A good MCP security review documents the servers in scope, the permissions each tool receives, and evidence that controls behave as intended. The outcome is clear, reviewable guidance for engineering and security teams.
How MCP works in practice
MCP establishes a contract between an AI agent and the tools it can use. Security comes from understanding each step where trust is delegated and enforcing controls at those points.
Appsecco's MCP testing traces these handoffs, attempts controlled misuse of tool discovery and calls, and verifies that authentication, scoping, and output checks hold up in real workflows.
Discovery and tool definitions
The agent retrieves a catalog of tools from the MCP server, including inputs, permissions, and scope. Attackers look for ambiguous or overly broad definitions that allow a tool to be used beyond its intended purpose.
Invocation and authorization
When the model selects a tool, the MCP server enforces authentication, per-user scopes, and allowlists. Weak auth or shared credentials can let tool calls execute with more privilege than intended.
Responses and downstream actions
Tool responses feed back into the model and influence its next steps. Without validation and guardrails, responses can drive unintended actions or data exposure.

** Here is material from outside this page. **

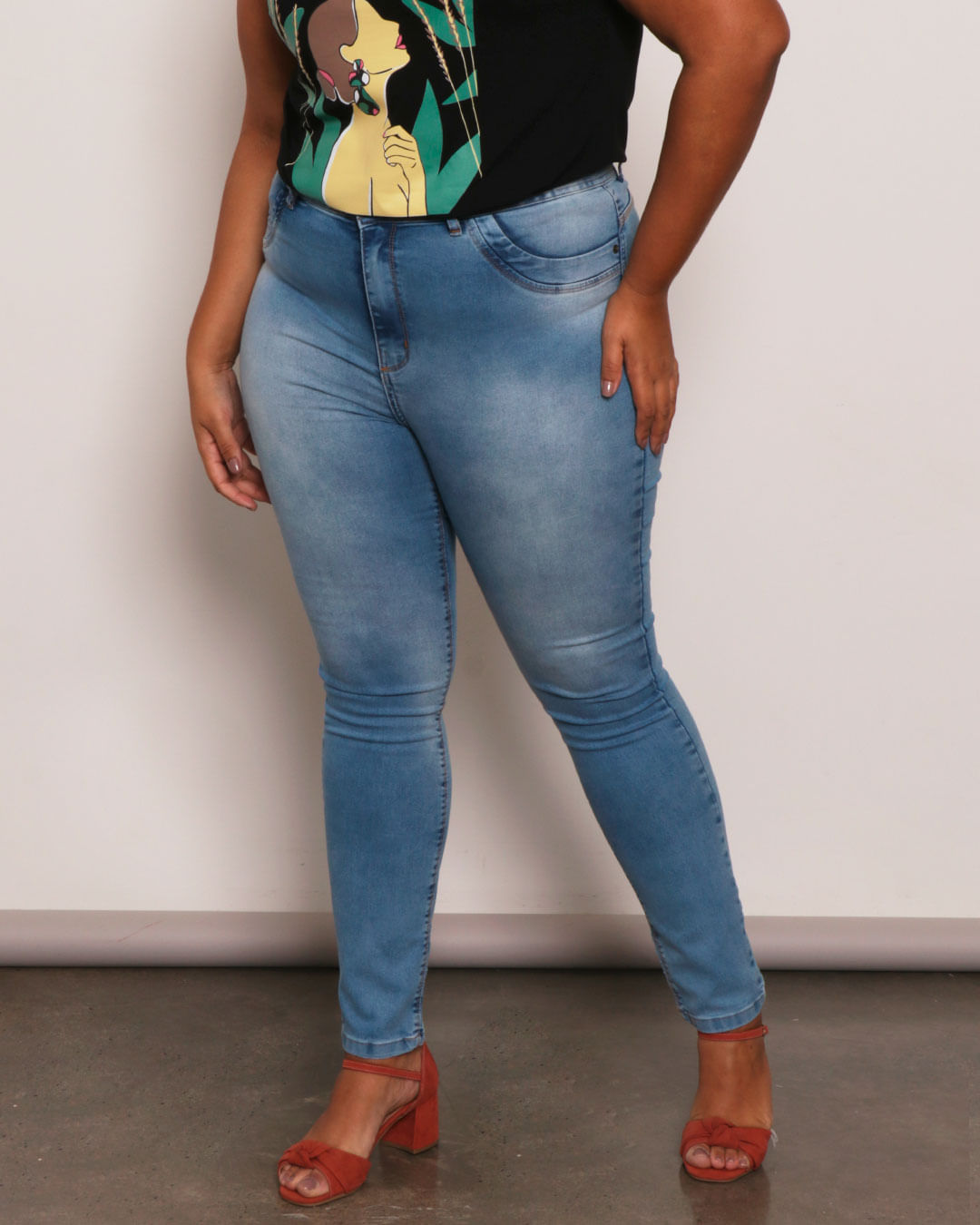Calca-2324-Jns-Bumbum-Up-Fem-Tg---Blue-Jeans-Claro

Threat model for MCP security
MCP links an agent to real tools, so the main risk lies in how trust and authority are delegated across the tool catalog, authorization checks, and tool responses. A threat model maps the points where a normal workflow could be steered off course.
We use this model to design MCP tests that validate tool definitions, enforce least-privilege scopes, and confirm response handling in representative workflows.
Tool definition spoofing
Misleading or ambiguous tool schemas that cause the agent to use a tool beyond its intended purpose.
Scope confusion
Authorization rules that are valid but too broad, allowing calls outside the current user or task.
Credential exposure
API keys or tokens surfaced in logs, tool responses, or error messages that can be reused.
Response manipulation
Tool outputs that inject instructions or hide critical context before the model acts.
Data overreach
Tool calls that return more data than required, expanding the agent's access beyond need.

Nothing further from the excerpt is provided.